Svalutazione, crisi monetaria e calo del prezzo del petrolio. Ma l’economia non è la sola protagonista dei due principali scenari di crisi sudamericani. In queste settimane in Venezuela e Paraguay si sta consumando il dramma di due Paesi che vedono la forbice fra elite governative e popolazione civile allargarsi fino allo scontro.
Entrambi i paesi vivono un momento difficile e i bilanci statali da tempo non sono per nulla floridi, ma le rivolte scoppiate ad Asuncion e a Caracas hanno un tratto in comune: in entrambi i casi si tratta di provvedimenti governativi volti a introdurre, o modificare, leggi conservative della classe politica. E, sia in Paraguay che in Venezuela, una nuova classe dirigente spingere per ottenere maggiore spazio.
Il caso Paraguay
In Paraguay è una nuova legge di tipo costituzionale ad aver acceso la miccia dello scontro: la norma in questione cambierebbe la legge fondamentale dello Stato in favore di una rielezione dell’attuale presidente, Horacio Cartes, allo status quo non legittimato a ricandidarsi alle elezioni previste per il 2018. L’iter della legge prevede, come nel nostro Paese, più fasi, ma il Parlamento ha segnato già il primo punto in favore del disegno dell’attuale maggioranza. La prima votazione si è conclusa con il prevalere della fazione che aveva proposto la modifica costituzionale, che al suo culmine prevede comunque l’appello alla consultazione popolare. Il popolo paraguayano insomma avrebbe ancora le armi per contrastare il piano del partito conservatore, ma gli scontri nella capitale sudamericana si sono già accesi fra manifestanti e polizia.
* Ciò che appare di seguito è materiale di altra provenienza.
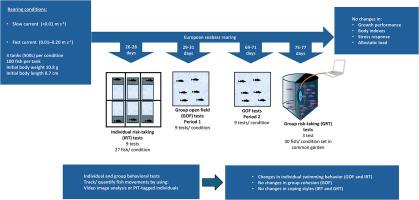 Early rearing of European seabass (Dicentrarchus labrax) with mild current enrichment modifies fish swimming behavior without altering their growth performance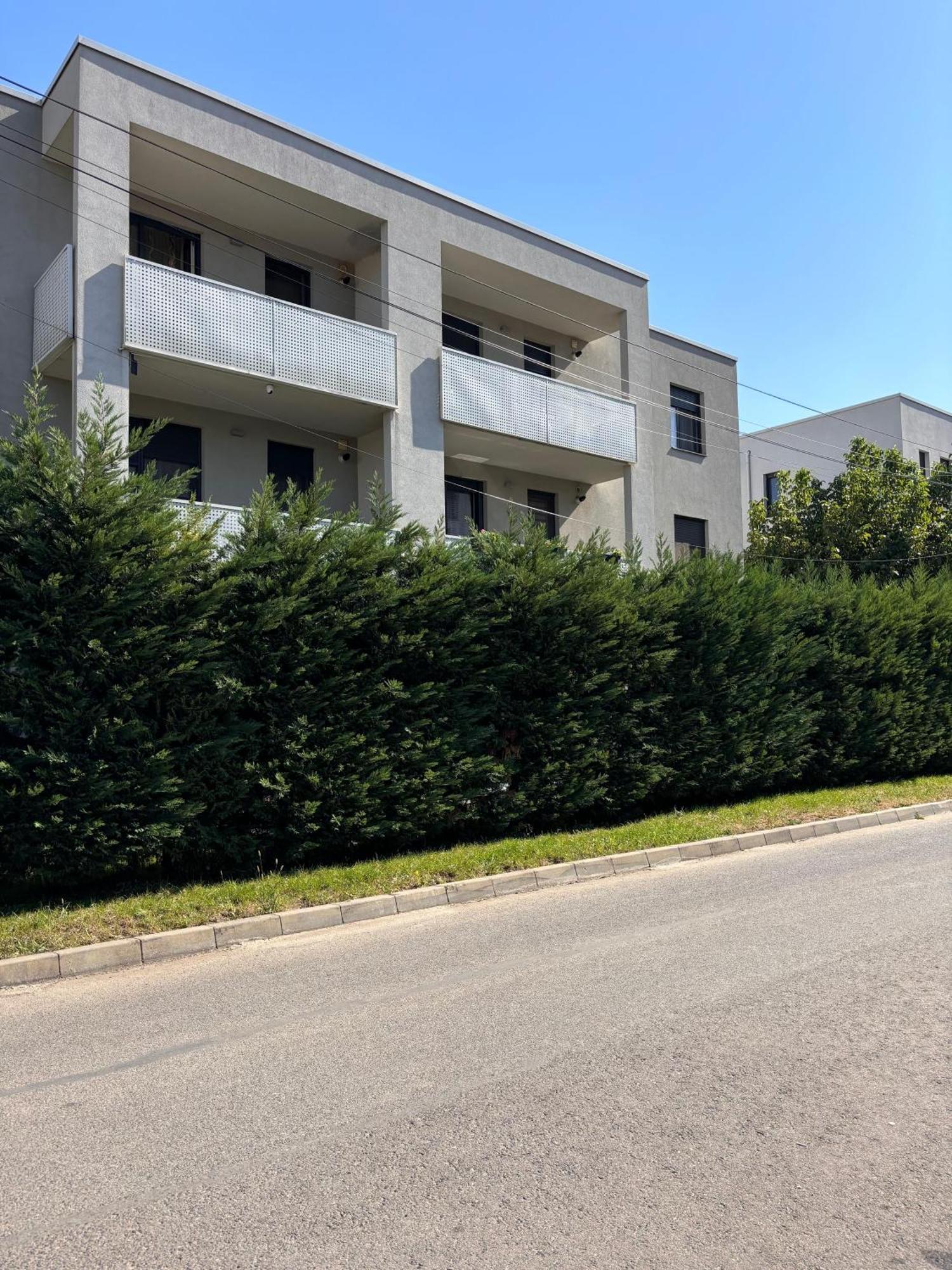 Mirvana Apartments Metheor Executive Suite Temeşvar Dış mekan fotoğraf
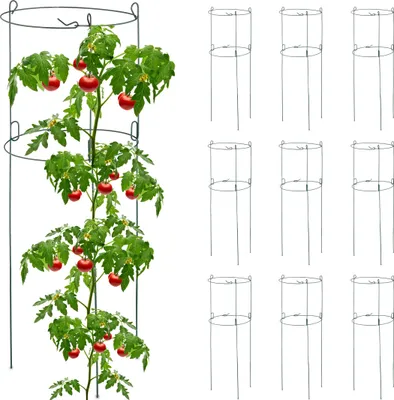 Produktbild von Relaxdays Rankhilfe 10er Set, Metall, runde Pflanzenstütze Tomaten & Gurken, HxD: 76x26 cm, 2 Ringe, Gurkenturm, grün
Il bilancio fa già segnare un morto e non sono mancate le accuse alla forza pubblica per un uso della violenza sproporzionato.
Il Venezuela contro Maduro
Diversa è la situazione del Venezuela, che sta vivendo ancora l’onda lunga del periodo di governo chavista. Nicolas Maduro infatti, l’attuale presidente, è il naturale erede, tra l’altro designato da Chavez stesso, per guidare il paese lungo il sentiero tracciato dal bolivarismo. Nonostante la reggenza dell’ex presidente abbia portato a una redistribuzione della ricchezza, Caracas è rimasta ancorata a un’economia legata prevalentemente all’esportazione del petrolio, materia prima di cui il Venezuela è ricchissimo. Ma l’oro nero si è trasformato presto in una zavorra per l’economia del paese dopo il crollo del prezzo del barile. Ora Caracas è infatti costretta a comprare carburante dagli Usa, in quanto il prezzo risulta di gran lunga inferiore. Con la moneta che ha subito un crollo nella sua valutazione. In questo scenario la reazione delle elite di potere venezuelane non si differenzia di quelle paraguayane. Lo scorso 30 marzo il Tribunal Supremo d Justizia, omologo della nostra Corte Costituzionale, aveva emesso un paio di sentenze con le quali spogliava d’ogni autorità il Parlamento, già dichiarato disobbediente dall’esecutivo. L’annullamento della basilare condizione democratica di un paese, la separazione dei poteri, non è però il momento più basso di questi ultimi giorni. Sollecitato da un clima sempre più surriscaldato, Maduro ha riconsiderato l’orientamento preso, invitando il Consiglio di Sicurezza Nazionale a comunicare alla Consulta venezuelana l’ordine di dietrofront. E la marcia indietro, in meno di 48 ore, è stata servita dal Tribunal Supremo, che agli occhi dell’opinione pubblica ora non è che un fantoccio del governo.
Dopo il mito ultimo del socialismo, Caracas ora vede la democrazia interna in un pessimo stato, in cui lo stato di diritto è minacciato, mentre i piani alti del governo Maduro continuano a dormire sonni tranquilli.